▶ [Exercise directions]: In the records below, find the line containing "Holly Leaf Apartments" and repeat it and every line after it exactly, without pictures.

------------------------------------

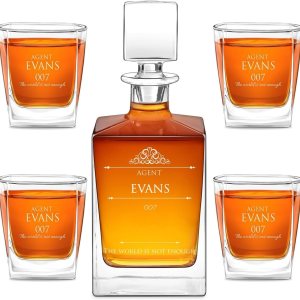 Maverton Juego de whisky personalizado para hombre, elegante jarra con 4 vasos para él, botella de vidrio para caballero, cristalería grabada para Maverton Juego de whisky personalizado para hombre, elegante jarra con 4 vasos para él, botella de vidrio para caballero, cristalería grabada para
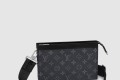 [LOUIS VUITTON-루이비통]가스통 웨어러블 크로스백 M81124
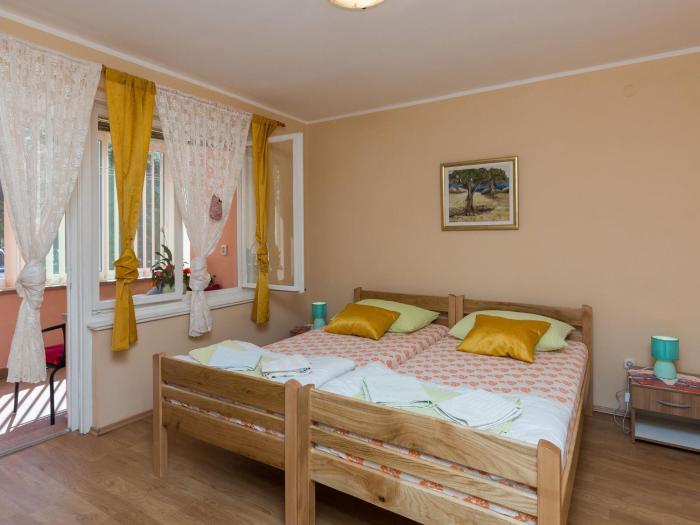 Apartment Lolo - Two Bedroom Apartment with Loggia and Street View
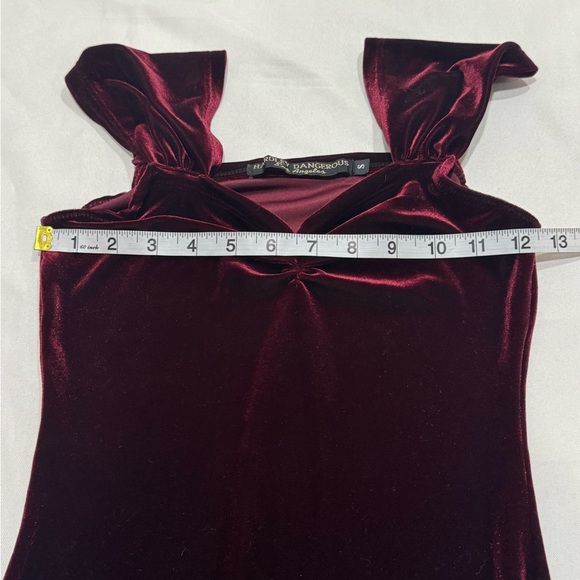 Hardley Dangerous Los Angeles Burgundy Velvet Midi Dress Size Small - Picture 4 of 7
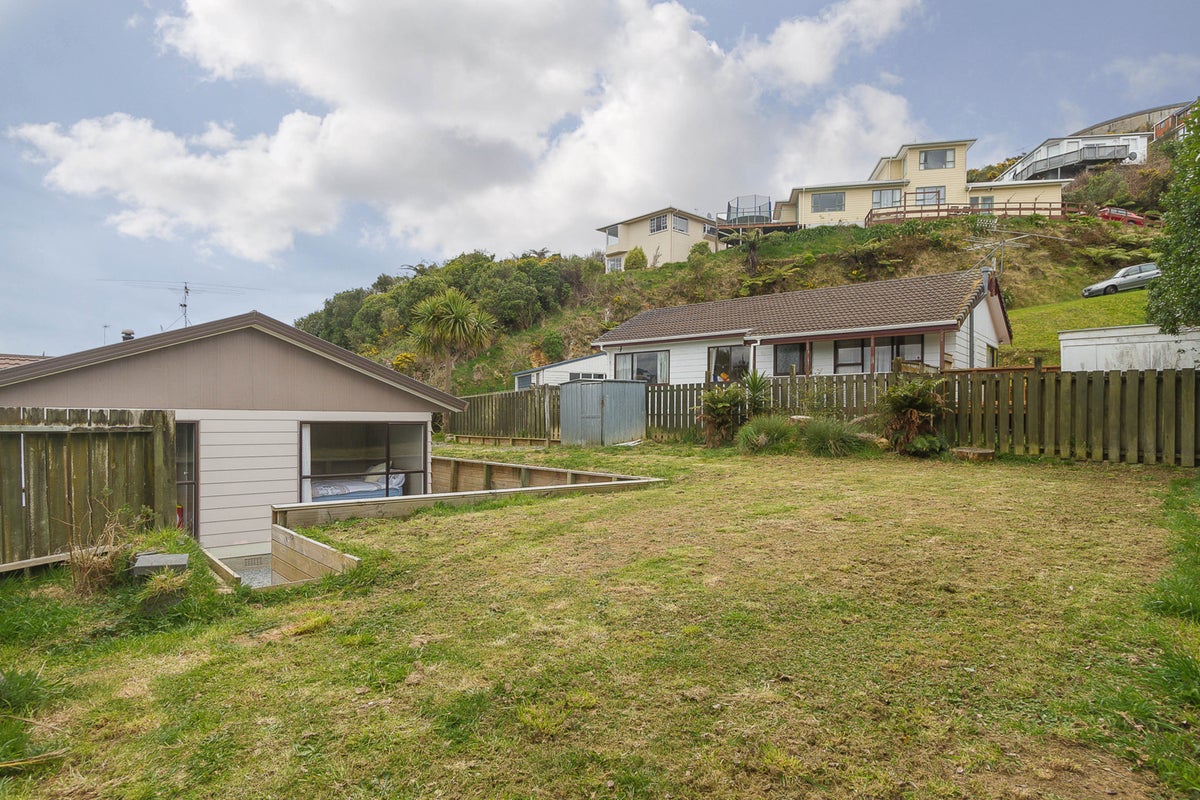 271 Major Drive, Kelson, Lower Hutt - Carousel 26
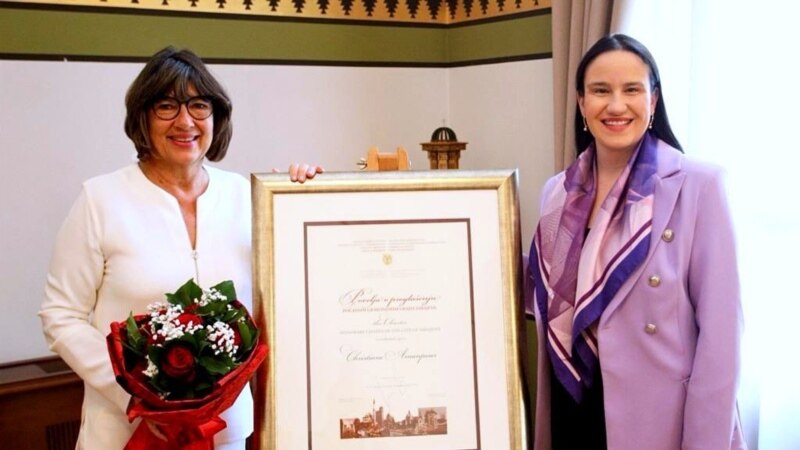 Gradonačelnica Sarajeva uručila Amanpour  priznanje Počasna građanka Sarajeva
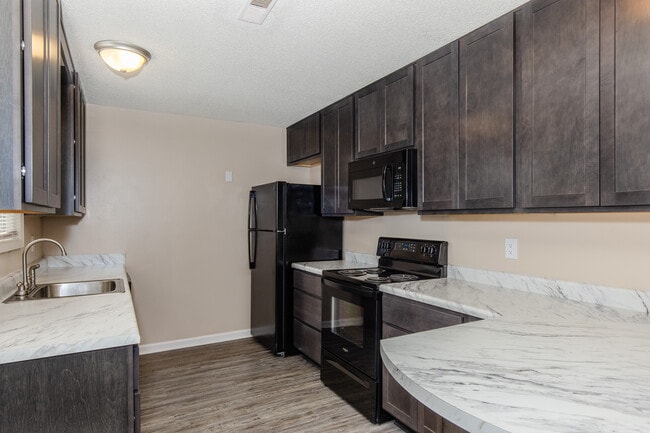 Holly Leaf Apartments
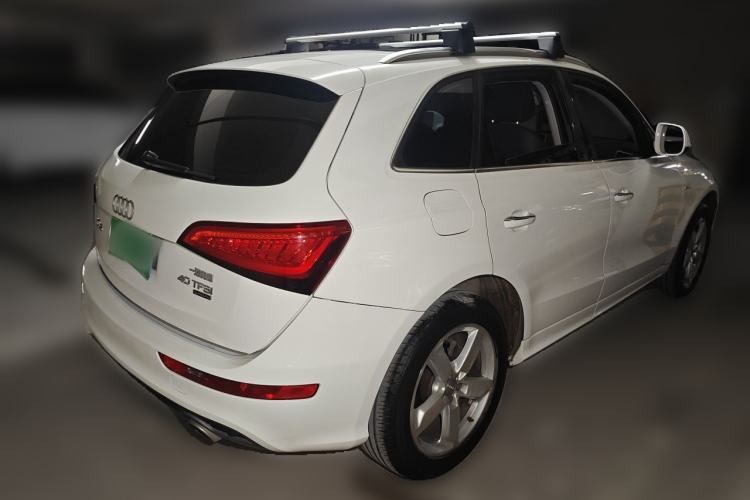 Used Audi Q5 2017 Plus 40 TFSI Ambition Model Rear Right 45 Deg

------------------------------------

▶ [Solution]:
 Holly Leaf Apartments
 Used Audi Q5 2017 Plus 40 TFSI Ambition Model Rear Right 45 Deg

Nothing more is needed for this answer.